**WHAT IS REQUIRED**
The task for the listing below is to write out exactly the lines starting at the one containing "Luxury Mountain Villa" and ending at the one containing "6 in. Aircraft", both included. Pictures are to be omitted.

** Opening WORKING DATA block **

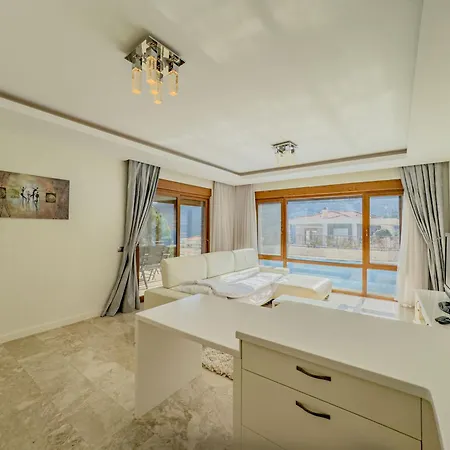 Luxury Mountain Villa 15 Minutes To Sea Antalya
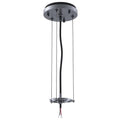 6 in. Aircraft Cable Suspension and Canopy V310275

** Closing WORKING DATA block **
** Opening WORKING DATA block **

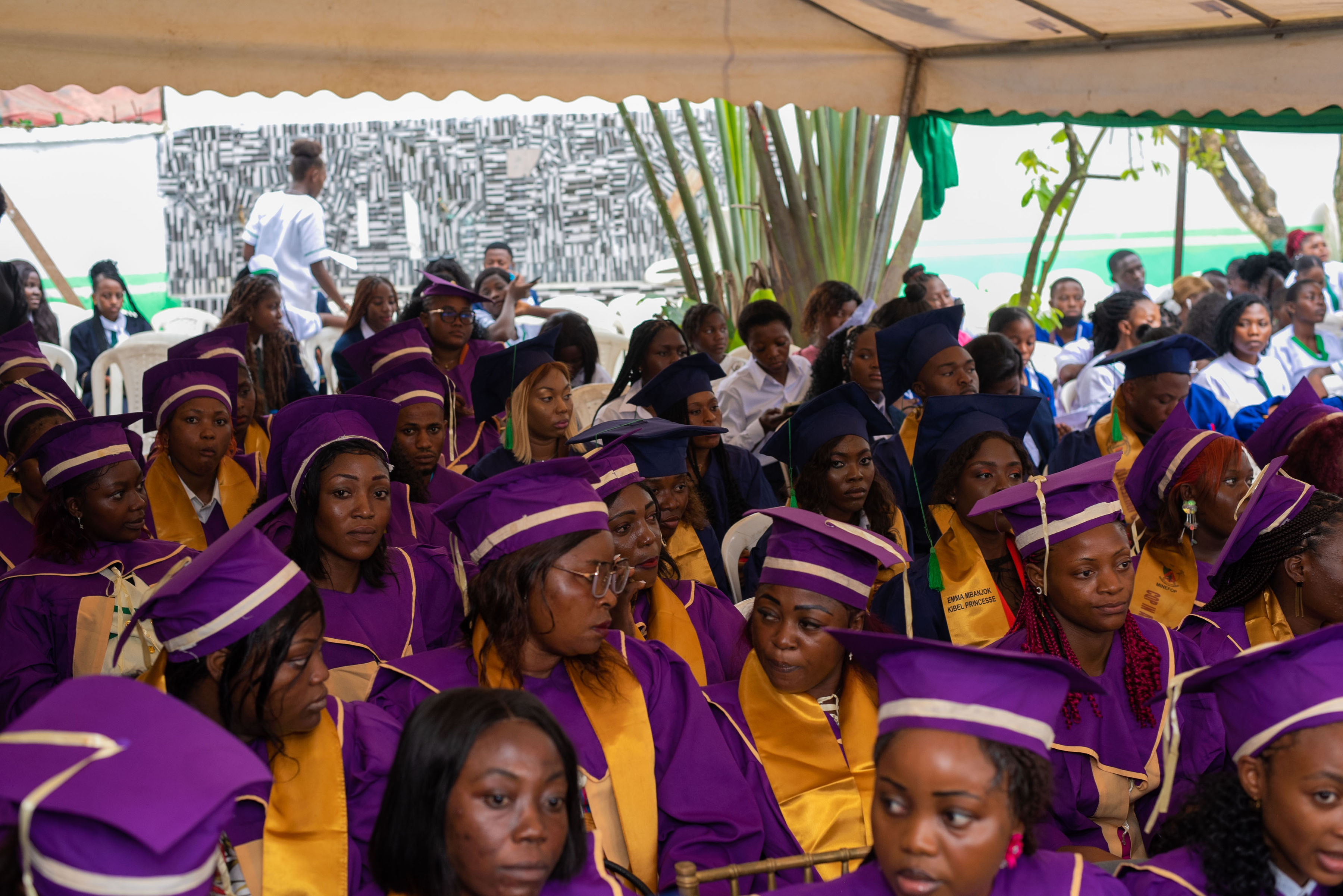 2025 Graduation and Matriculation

** Closing WORKING DATA block **
** Opening WORKING DATA block **

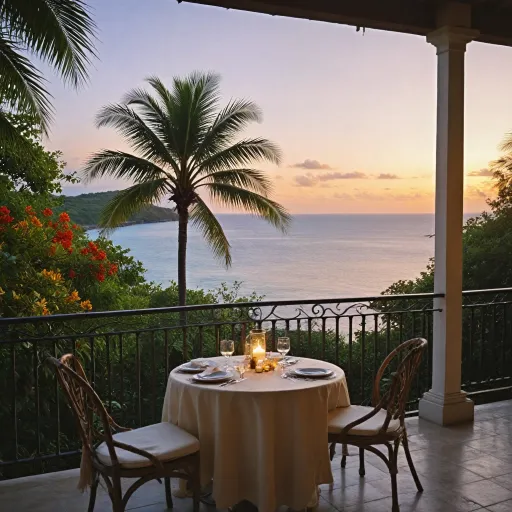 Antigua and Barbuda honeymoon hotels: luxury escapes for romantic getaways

** Closing WORKING DATA block **

**EXPECTED OUTPUT**
 Luxury Mountain Villa 15 Minutes To Sea Antalya
 6 in. Aircraft Cable Suspension and Canopy V310275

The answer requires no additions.